Disbelief in his tone, Reichert asked him just how they had done that, and the prisoner reached into his memory and pulled out Debbie Abernathy’s name.

Reichert wanted to know in what way.

“Because it was on Chad’s birthday,” Ridgway said. It was obviously almost impossible for him to connect with the women he had murdered, or to see them as human beings. He had to connect any sadness to something or someone involved with himself. He said he felt bad about Colleen Brockman because he killed her on Christmas Eve. And he was sorry because “Meehan” had been pregnant, and he hadn’t noticed that. He felt bad, he said, about Connie Naon “because she was beautiful.”

But all in all, he thought that the session where he had pleaded guilty “went real good.”

“What about Thursday?” Reichert asked, referring to the sentencing date.

Ridgway said he’d read some of the letters the families had sent—the ones who couldn’t be there—but he didn’t want to discuss them much. The families had called him evil, and he thought that was probably true, but he hastened to point out that it wasn’t his fault if he was. He had done it all from “lack of love.” He figured it might take five or six hours for the families to say what they wanted to say.

“But I have remorse—sadness in my heart. I’ll answer their questions,” he said confidently.

“You won’t have a dialogue with them,” Reichert said. “Would it matter to you if someone killed your son, what they said to you? Would it matter if they said, ‘Sorry, I’m the devil and I’m evil’?” And then in a conversational tone, Reichert asked, “Why did you [kill them]?”

“I had a craving, because they were prostitutes. I wanted to kill them…. Wanted to control them.”

“You can control people without killing them.”

Reichert kept pelting Ridgway with “Whys?” as he searched hard to find reasons for his killing rampages.

“I was mad at them,” he finally blurted. He had tried to impress the task force investigators all along with his explanation that he had actually killed the “hookers” to help them keep the streets clean. The detectives had never appreciated what he had done for them.

There was no disguising Dave Reichert’s profound hatred for the man in front of him. It seeped out of his pores. It had gone beyond a contest between a lawman and a killer, and he probably had to fight an impulse to put his hands on Ridgway.

Reichert believed Ridgway was withholding information, and he hoped to find more answers. He pointed out that Ridgway was still making all kinds of excuses, even though there was no way to justify what he had done. “They were ‘garbage’ all along; they had no meaning to you,” the sheriff said.

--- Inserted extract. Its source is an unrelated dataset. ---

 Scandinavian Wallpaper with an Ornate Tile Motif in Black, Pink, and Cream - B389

“They have meaning now.” Ridgway speculated that he should go back to Woodside School, that he needed to go back in time to cure the “learning disability” that had caused him to lack “caring” for others. That made little sense, but it still would allow him to take the stain of his crimes off his hands.

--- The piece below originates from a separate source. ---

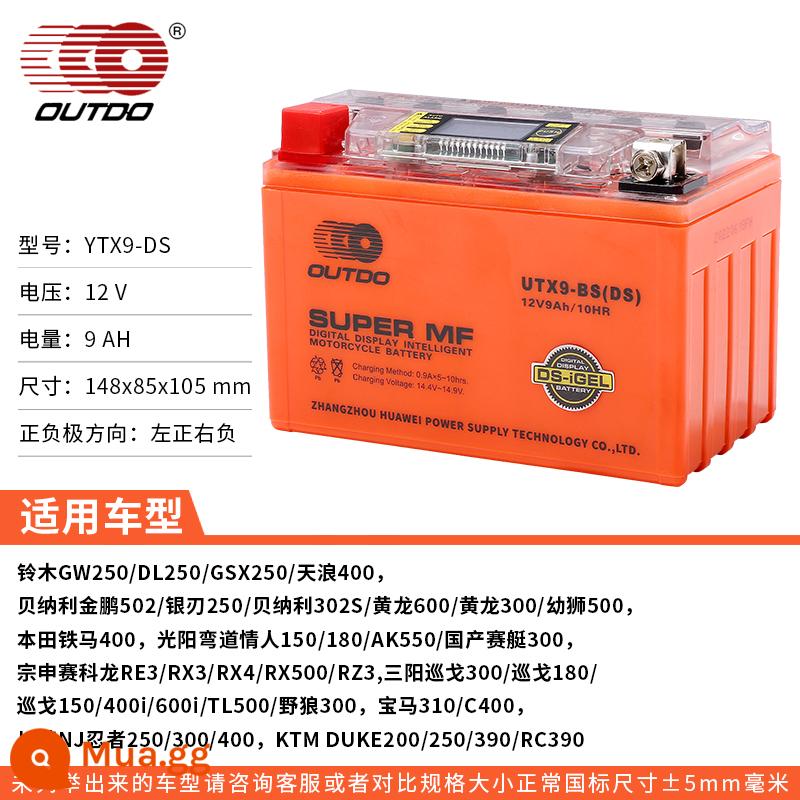 Ắc quy xe máy Otedo 12v không cần bảo trì 7A9A Haojue Suzuki 125 xe tay ga phổ thông chùm cong xe máy 5A - 10. Pin gel đẳng cấp thế giới YTX9-BS (12V9AH)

He told the sheriff that he could not recall killing anyone in the sixties or seventies, only the time when he stabbed the neighborhood kid, and, after all, he hadn’t died.

“We were looking forward to six months more with you,” Reichert said. “But you shut down after you pleaded guilty. Why should you talk to us now? Don’t you have a nice place to stay back there?”

“Yeah. My stay here has been good. They’ve treated me really good.” Ridgway agreed that the little room in the task force headquarters was probably a lot nicer than his prison cell would be. He knew that he would need to have his “back to the wall,” because other inmates would try to kill him. He’d listened to advice from inmates at the King County Jail and they had warned him about that.

Reichert reminded him that once he went to prison, he wouldn’t have all the benefits he currently enjoyed, and urged him to give up the rest of the secrets he held on to so tightly. But everyone had noticed that he had changed. He wasn’t telling them all he knew. “You’re cocky now.”

The sheriff said that Sue Peters, Randy Mullinax, Jon Mattsen, and Tom Jensen were walking out of interviews angry because Ridgway had stopped giving them information. He had only two more days to tell them what he knew. Then he was going away, headed for prison. “My detectives are pissed, tired of your lies, your crap, your bullshit,” Reichert said. “You’re still hiding secrets. All the souvenirs that would give you credibility. I’m going to find them. We’re going to X-ray your houses—But we’re not going to come over there [to prison] to talk with you.”

Ridgway wasn’t concerned about that. He planned on detectives from other counties—Snohomish, Pierce, and maybe San Diego—visiting him to ask questions. What he couldn’t recall right now, he figured he could spend his time in prison trying to remember—if there were murders he’d forgotten.